Lea hat einen riesen Spaß am radeln. Sie hat eine gute Ausdauer und genießt es wenn es "flotter" voran geht und sie sich so richtig bewegen kann. Obwohl sie ausdauernd und gut bemuskelt ist, nenne ich sie liebevoll die Bummelbahn, da sie nicht schnell ist. Wir radeln nunmal gemütlich und lassen die Jogger überholen. Solange uns keine Nordic Walker überholen ist das auch kein Problem. Trotz der Gemütlichkeit haben wir aber auch Rennstrecken. Hier geht es dann richtig ab, und Lea zeigt wie sehr ein Berner fetzen kann! Das sind gut und gerne mal 300 Meter, auf denen Lea mich regelrecht abhängt. Das macht ihr richtig Spaß, doch lässt sie auch auf Entfernung ihr Tempo per Stimmkomando kontrollieren, sodass ich sie rechtzeitig bremsen kann, sollte etwas sein.
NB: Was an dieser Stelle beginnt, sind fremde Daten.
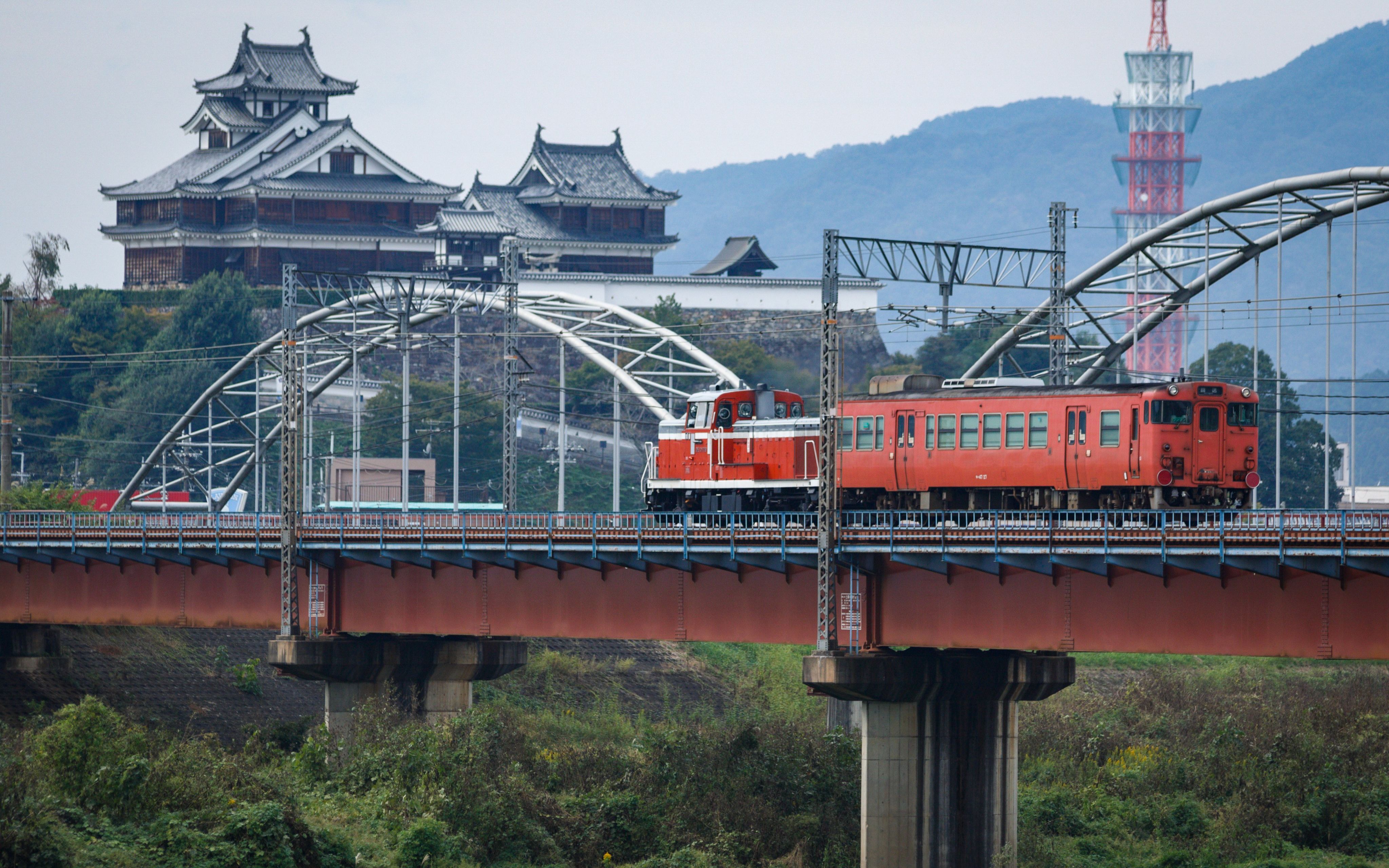 [图]【前面展望】保線最悪！120km_h爆走！振り子式特急スーパーはくと 鳥取→倉吉(4K60fps HDR)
Natürlich radelns wir nur wenn es kühl ist, um eine Überhitzung vorzubeugen. Im Sommer verzichten wir ganz darauf, dafür macht es im Herbst umso mehr Spaß!
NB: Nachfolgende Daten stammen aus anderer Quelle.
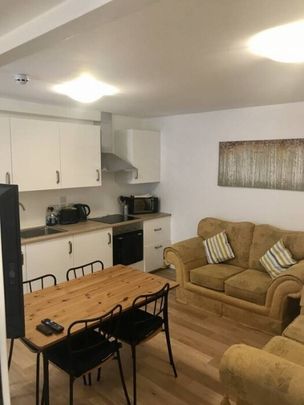 Best HMO in Greenford Room 5 - Photo 1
Wenn wir regelmäßig radeln läuft Lea gut und gerne eine Stunde am Rad, doch dafür brauchen wir regelmäßiges Training. Auch fahre ich lieber kürzere Strecken da ich eine Überforderung vorbeuge, die Gelenke schone und Lea dadurch das laufen am Rad nicht verleide. Somit bleibt uns der Spaß am radeln erhalten und ich habe eine super Möglichkeit Leas Bewegungsdrang nachzukommen und ihr ein schönes Ausdauer- und Muskeltraining zu bieten.